Confirming the plans for the first time, Gates said that the administration intended to release some of the 17 Chinese Uighurs into the U.S. as part of the process of closing the prison, although he added that a final decision had not been made. Gates said the Uighurs would face persecution if they were returned to China, as Beijing has demanded.
Republicans and some Democrats in Congress have expressed strong opposition to the plan to free the Uighurs to live in American communities. Gates said he understood that almost any administration move on Guantanamo was likely to be controversial.
"I fully expect to have 535 pieces of legislation before this is over saying, 'Not in my district, not in my state,' " Gates said, referring to the number of senators and members of the House.
Gates, testifying before a Senate appropriations subcommittee, said it would be difficult to transfer other detainees to third countries if the U.S. did not accept some. Like the Chinese Muslims, many of those held at Guantanamo Bay, Cuba, could face torture or other persecution if they are sent to their home countries.
"It's difficult for the State Department to make the argument to other countries they should take these people that we have deemed in this case not to be dangerous if we won't take any of them ourselves," he said.
Twenty-two of the Uighurs were handed over to U.S. forces in Pakistan in 2002. The Uighurs, part of a movement that seeks independence from China, had received weapons training at a camp in Afghanistan, but are not considered a threat to the U.S. and are no longer considered "enemy combatants."
Gates said there also were 50 to 100 detainees at Guantanamo who were considered too dangerous to release.
Under questioning, Gates acknowledged that the administration might continue to use the controversial military commission set up by former President Bush, and later approved by Congress, to prosecute some of the detainees.
President Obama ordered a halt to all military commission trials during his first days in office, and many human rights groups believed that the administration had repudiated the controversial tribunals, which are allowed to use evidence that would be barred in civilian courts.
But senior administration officials have said privately that they may need to retain the commissions for some detainees.
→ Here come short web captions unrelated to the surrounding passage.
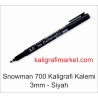 Snowman 700 Kaligrafi Kalemi 3mm - Siyah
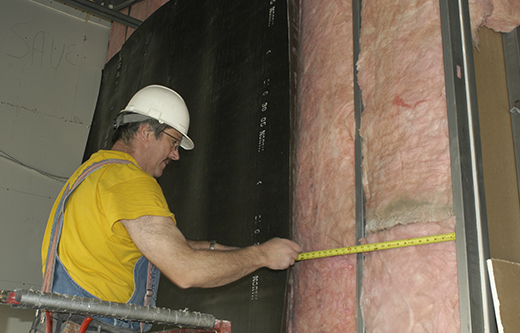 Sound Proofing Walls with Mass Loaded Vinyl Installation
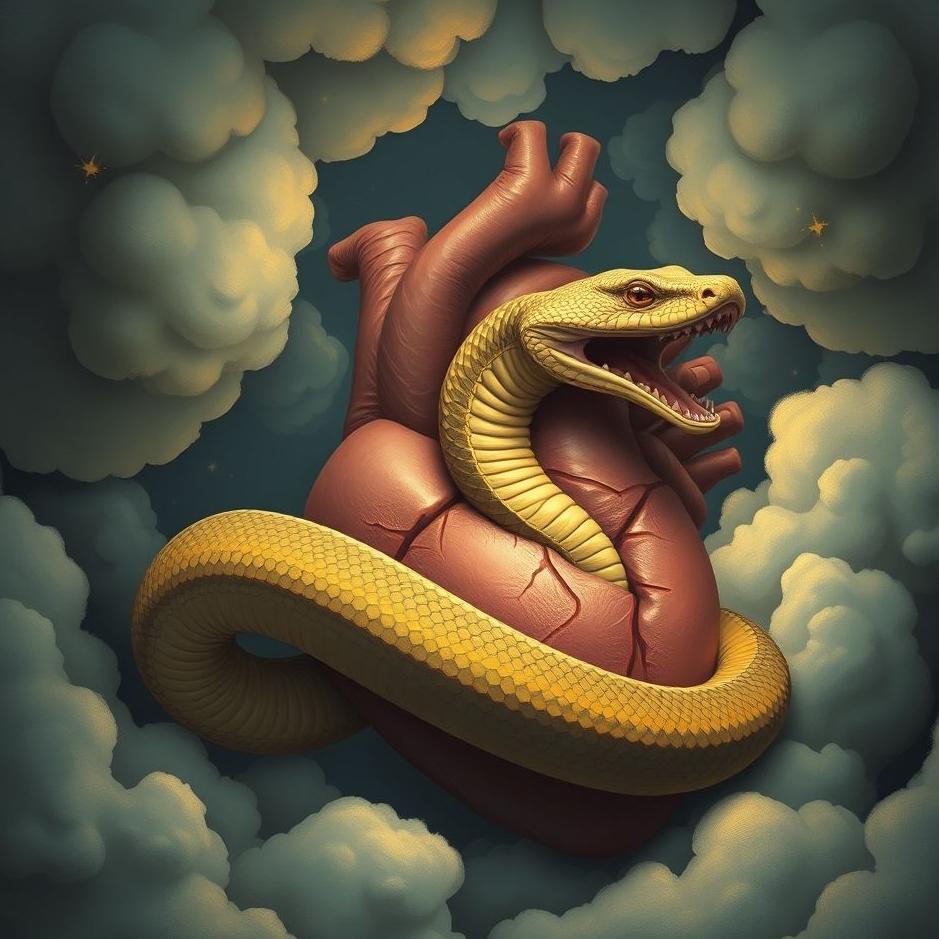 Dream : Snake coming out of your heart in a dream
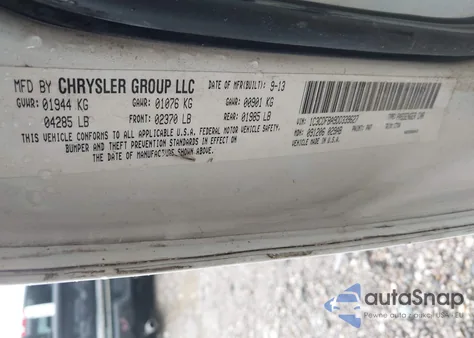 2013 Dodge Dart Sxt из США, поврежденный, VIN 1C3CDFBA9DD339627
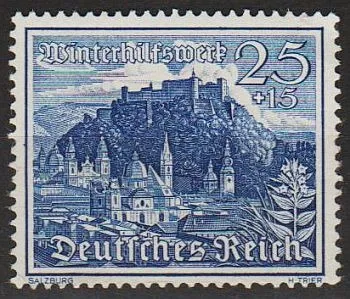 фото, 1939 - Рейх - Зимова допомога - Зальцбург 25 Mi.737 (*)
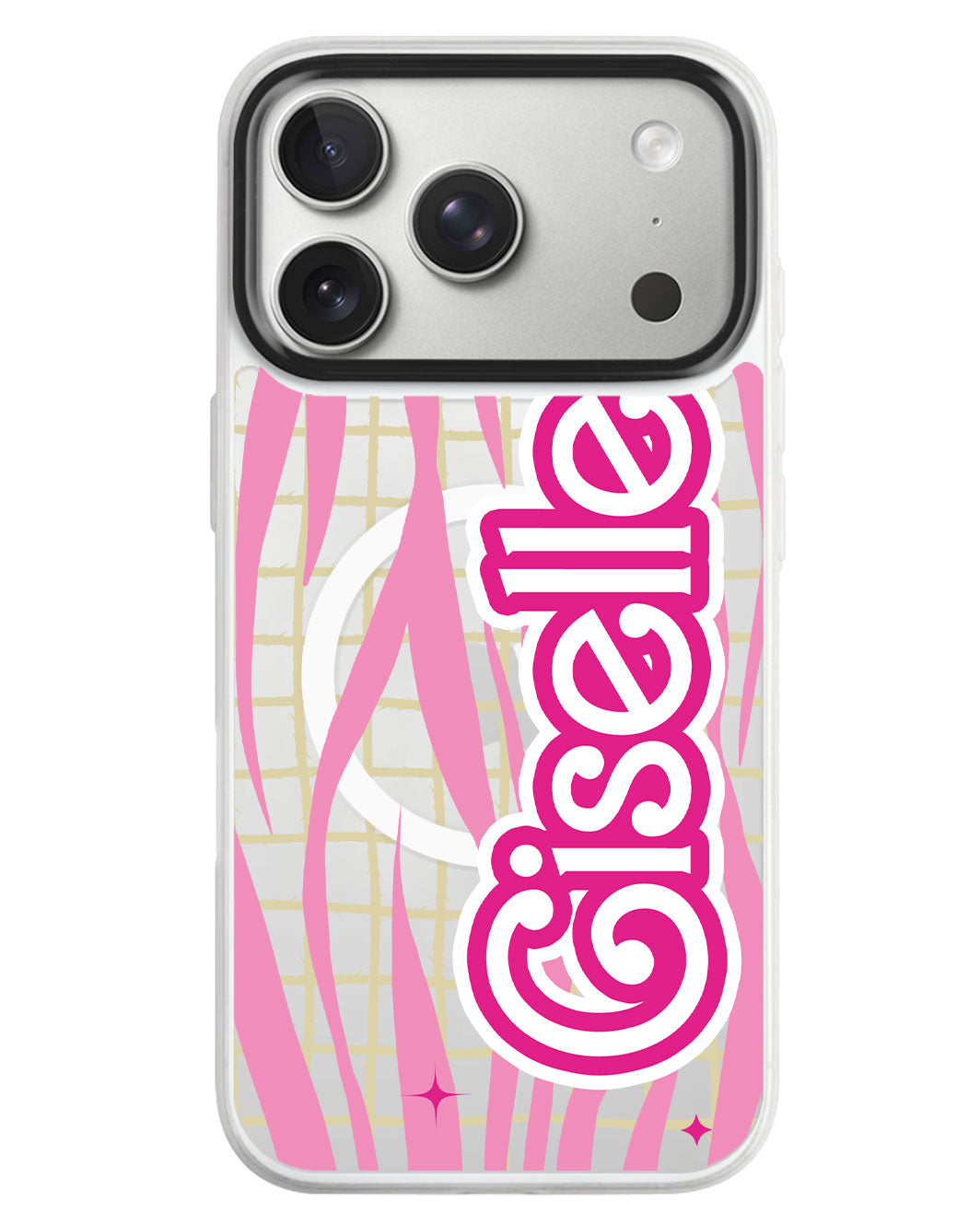 iPhone Rearguard MagSwap - Barbie Zebra Pattern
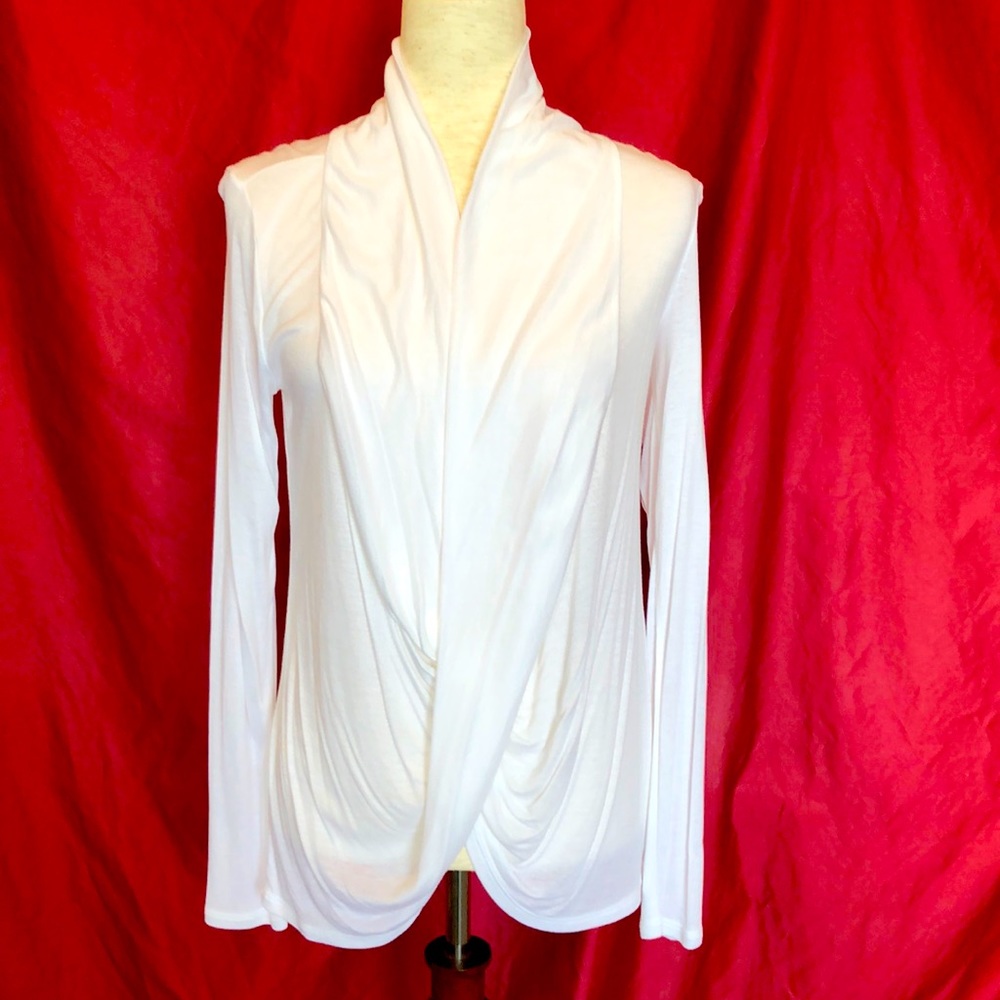 Drape Style Front Crossover Blouse - image 1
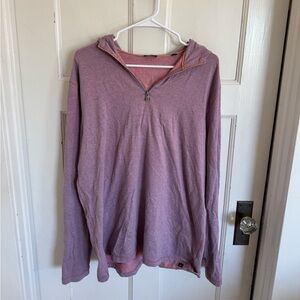 Faherty men’s Movement Hoodie‎ in Rose Creek stripe size large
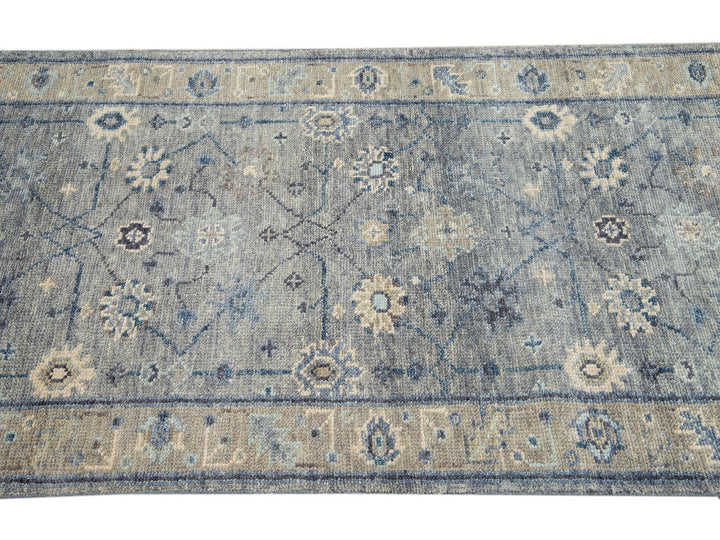 Modern Oushak Wool Rug 3 X 20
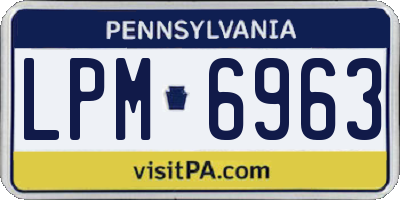 PA license plate LPM6963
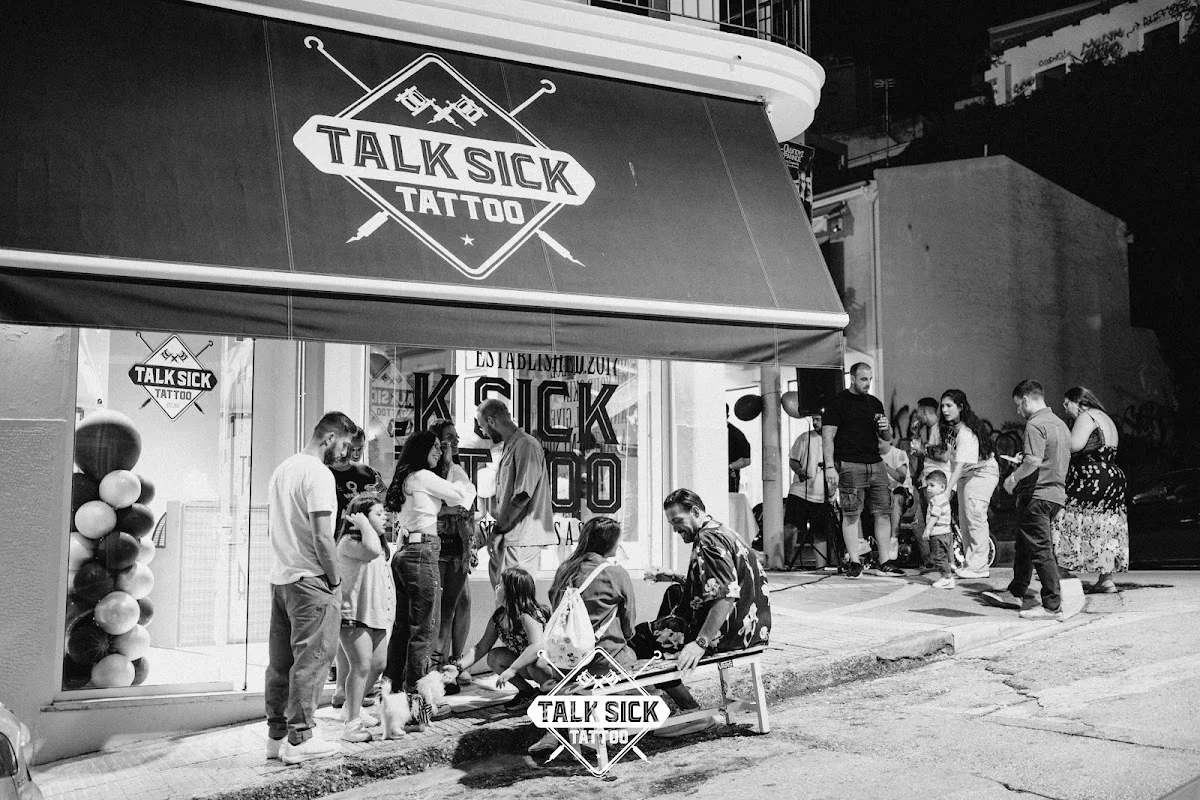 Talk Sick tattoo tattoo shop in Patra
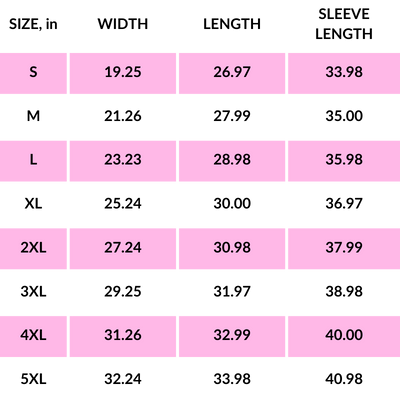 PRODUCT SIZE GUIDE 5 Size Chart Unisex Heavy Blend™ Full Zip Hooded Sweatshirt
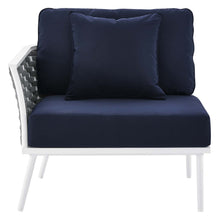Load image into Gallery viewer, Stance 4 Piece Outdoor Patio Aluminum Sectional Sofa Set by Modway
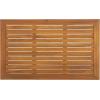 SAFAVIEH Outdoor Patio Furniture Collection Lynn Natural Brown Slatted Top Solid Wood Coffee Table (PAT7330A)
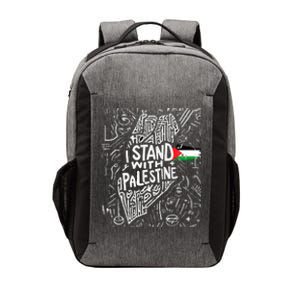 Support I Stand With Palestine Free Palestine Flag Arabic Vector Backpack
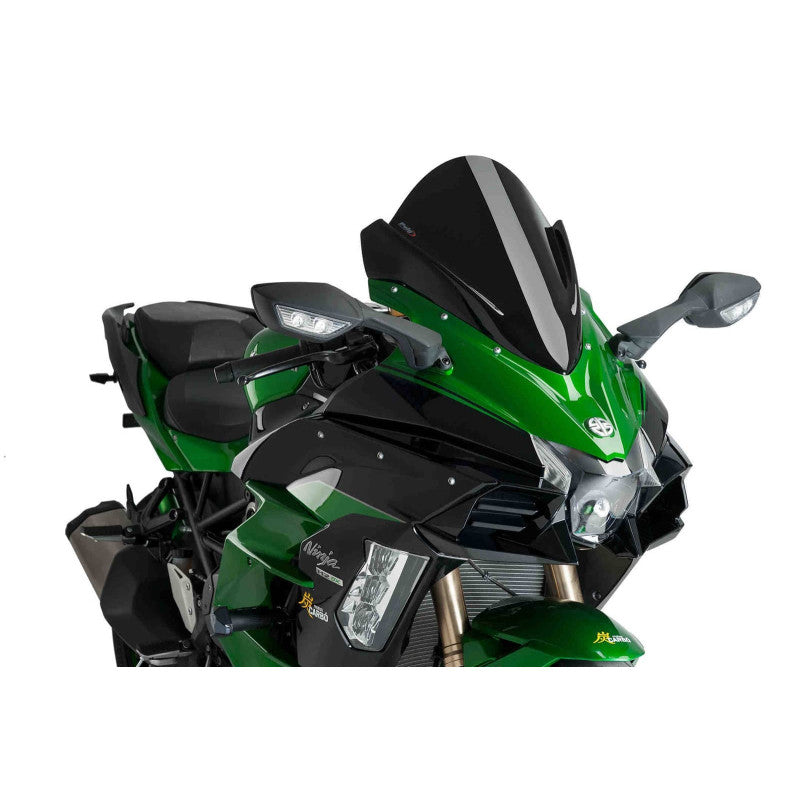PUIG CUPOLINO Z-RACING PER KAWASAKI NINJA H2 SX 18-19 NERO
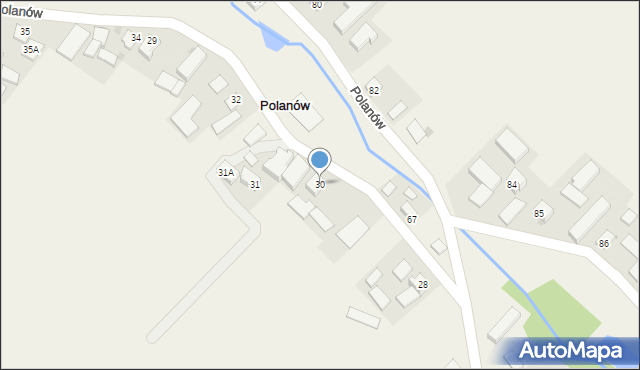 Polanów, Polanów, 30, mapa Polanów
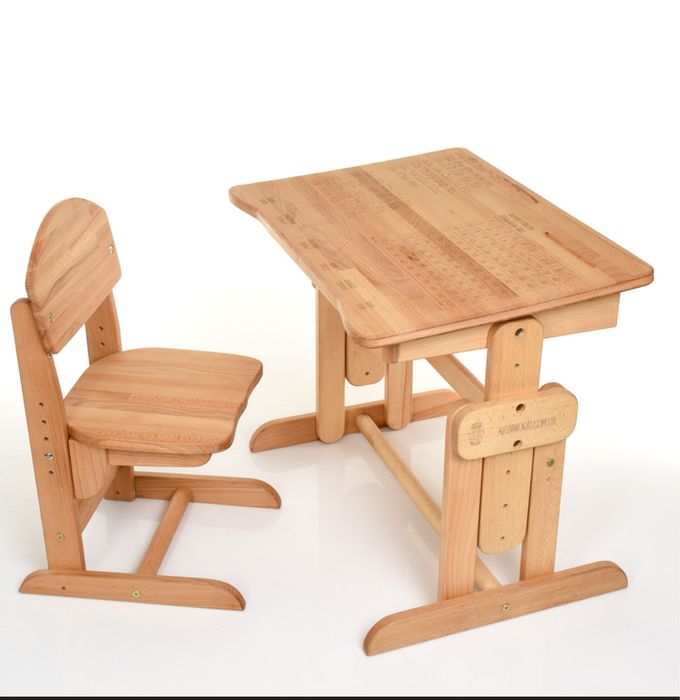Дитяча парта «Совеня»+ стільчик з регулюємою спинкою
Gates confirmed that Thursday, saying the Justice Department was examining whether to continue to use the commissions and what changes might be necessary.
"The commissions are very much still on the table," Gates said.
His comment drew criticism from some human rights advocates.
"If the United States were to simply move the detainees onto U.S. soil and continue to detain them without charge or legal process, then the act of closing Guantanamo would have been meaningless," said Sharon Bradford Franklin, a lawyer for the Constitution Project, an advocacy group.